/---

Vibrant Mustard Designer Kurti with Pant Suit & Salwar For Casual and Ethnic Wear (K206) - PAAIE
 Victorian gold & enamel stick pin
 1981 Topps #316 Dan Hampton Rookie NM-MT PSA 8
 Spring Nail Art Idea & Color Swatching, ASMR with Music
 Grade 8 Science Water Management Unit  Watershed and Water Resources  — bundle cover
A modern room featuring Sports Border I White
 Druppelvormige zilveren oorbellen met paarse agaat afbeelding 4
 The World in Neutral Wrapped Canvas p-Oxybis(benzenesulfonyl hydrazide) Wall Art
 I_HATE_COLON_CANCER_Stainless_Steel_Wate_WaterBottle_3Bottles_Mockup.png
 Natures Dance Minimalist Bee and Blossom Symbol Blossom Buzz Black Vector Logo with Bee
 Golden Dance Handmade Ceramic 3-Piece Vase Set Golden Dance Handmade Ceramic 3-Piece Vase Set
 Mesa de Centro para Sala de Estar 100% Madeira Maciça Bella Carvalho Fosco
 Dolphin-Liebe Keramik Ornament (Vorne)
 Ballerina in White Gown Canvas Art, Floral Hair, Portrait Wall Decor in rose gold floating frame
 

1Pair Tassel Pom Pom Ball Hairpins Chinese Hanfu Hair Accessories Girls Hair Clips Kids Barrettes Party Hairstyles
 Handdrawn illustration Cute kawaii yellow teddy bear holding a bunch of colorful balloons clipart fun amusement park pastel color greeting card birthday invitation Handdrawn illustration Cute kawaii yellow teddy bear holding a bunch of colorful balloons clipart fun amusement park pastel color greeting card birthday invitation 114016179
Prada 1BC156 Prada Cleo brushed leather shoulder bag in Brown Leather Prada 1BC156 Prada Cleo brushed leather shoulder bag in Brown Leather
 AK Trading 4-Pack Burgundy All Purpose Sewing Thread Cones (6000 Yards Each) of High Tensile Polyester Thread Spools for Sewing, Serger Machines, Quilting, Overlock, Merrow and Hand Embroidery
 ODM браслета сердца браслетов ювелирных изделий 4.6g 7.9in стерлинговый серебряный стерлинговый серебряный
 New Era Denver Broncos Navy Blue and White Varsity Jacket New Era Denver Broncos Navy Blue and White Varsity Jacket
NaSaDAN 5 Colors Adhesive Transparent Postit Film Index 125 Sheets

\---

§ **REQUIRED ACTION**
Among the entries above, locate the lines containing "Ballerina in White" and "Brown Leather Prada", and transcribe exactly those two lines and all lines between.

§ **THE COMPLETED TASK**
 Ballerina in White Gown Canvas Art, Floral Hair, Portrait Wall Decor in rose gold floating frame
 

1Pair Tassel Pom Pom Ball Hairpins Chinese Hanfu Hair Accessories Girls Hair Clips Kids Barrettes Party Hairstyles
 Handdrawn illustration Cute kawaii yellow teddy bear holding a bunch of colorful balloons clipart fun amusement park pastel color greeting card birthday invitation Handdrawn illustration Cute kawaii yellow teddy bear holding a bunch of colorful balloons clipart fun amusement park pastel color greeting card birthday invitation 114016179
Prada 1BC156 Prada Cleo brushed leather shoulder bag in Brown Leather Prada 1BC156 Prada Cleo brushed leather shoulder bag in Brown Leather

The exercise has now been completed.